If \(\frac{x+y}{x-y}+\frac{x-y}{x+y}=\frac{10}{3}\),then \(\frac xy=\)

• A. \(\pm2\)
• B. \(\pm1\)
• C. \(\pm4\)
• D. Not Possible to find out

Answer 1

The Correct Option is A

To solve the equation: \(\frac{x+y}{x-y}+\frac{x-y}{x+y}=\frac{10}{3}\), let's follow these steps.

First, let \(a=\frac{x+y}{x-y}\) and \(b=\frac{x-y}{x+y}\). We know from the problem statement that \(a+b=\frac{10}{3}\).

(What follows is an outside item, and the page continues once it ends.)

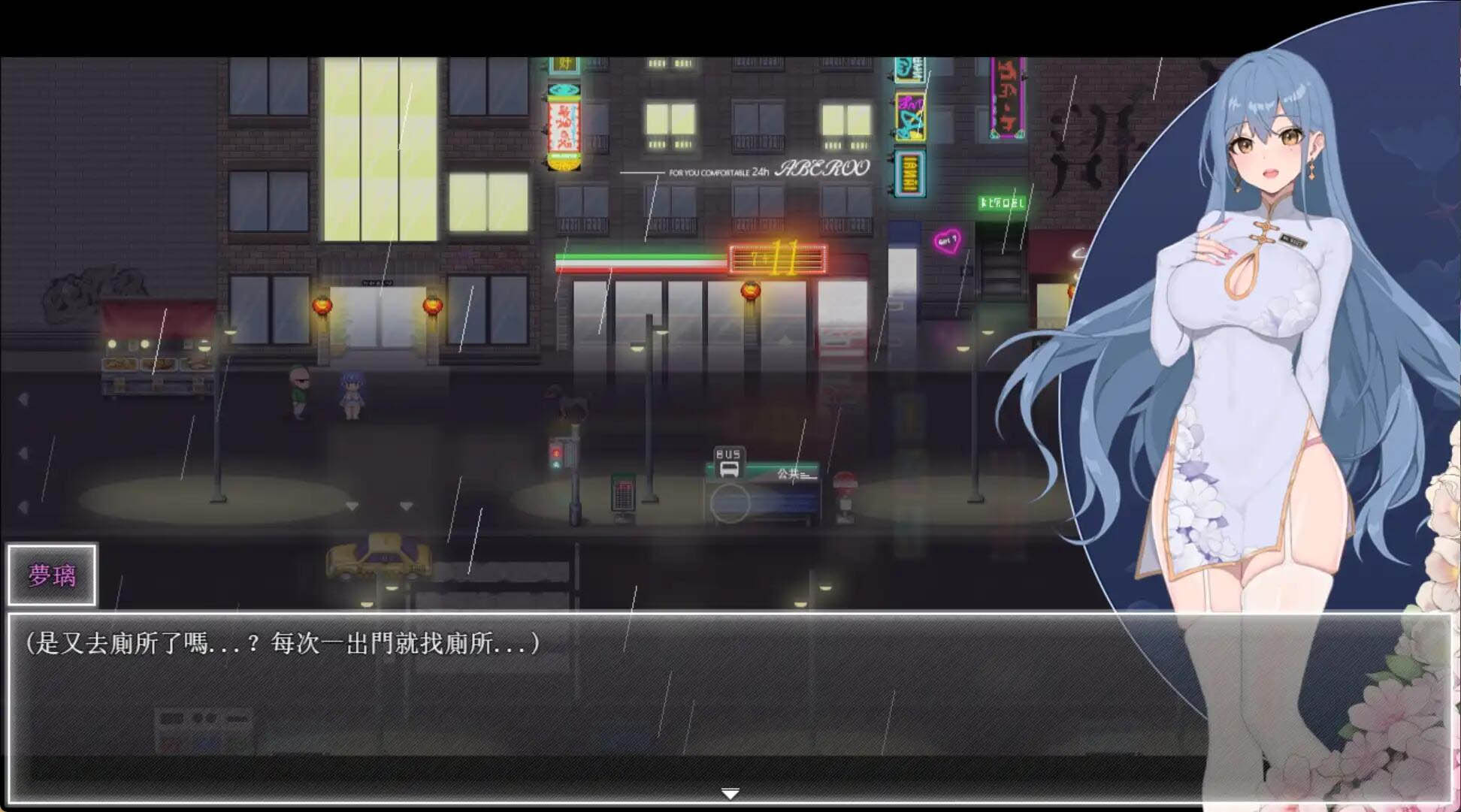 【国风RPG/官中/动态】夜幕之花0.433无码版【PC+安卓双端/2.05G】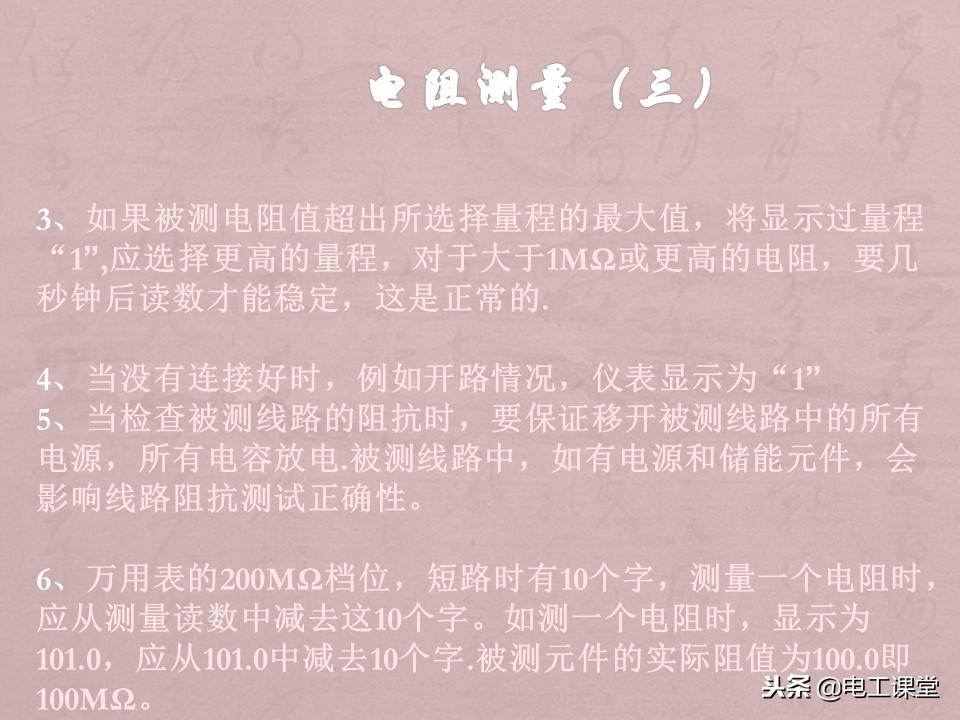 数字钳形万用表使用方法,指针数字万用表使用方法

Notice that \(a=\frac{1}{b}\) because if you multiply \(\frac{x+y}{x-y}\) by \(\frac{x-y}{x+y}\), you get 1:

\(\left(\frac{x+y}{x-y}\right)\left(\frac{x-y}{x+y}\right)=\frac{(x+y)(x-y)}{(x-y)(x+y)}=1\).

This implies \(b=\frac{1}{a}\).

Thus, we have:

\(a+\frac{1}{a}=\frac{10}{3}\)

Multiply throughout by \(a\) to clear the fraction:

\(a^2+1=\frac{10}{3}a\)

Rearrange this into a standard quadratic equation:

\(3a^2-10a+3=0\)

Use the quadratic formula \(a=\frac{-b\pm\sqrt{b^2-4ac}}{2a}\) where \(a=3\), \(b=-10\), and \(c=3\):

\(a=\frac{-(-10)\pm\sqrt{(-10)^2-4\cdot3\cdot3}}{2\cdot3}\)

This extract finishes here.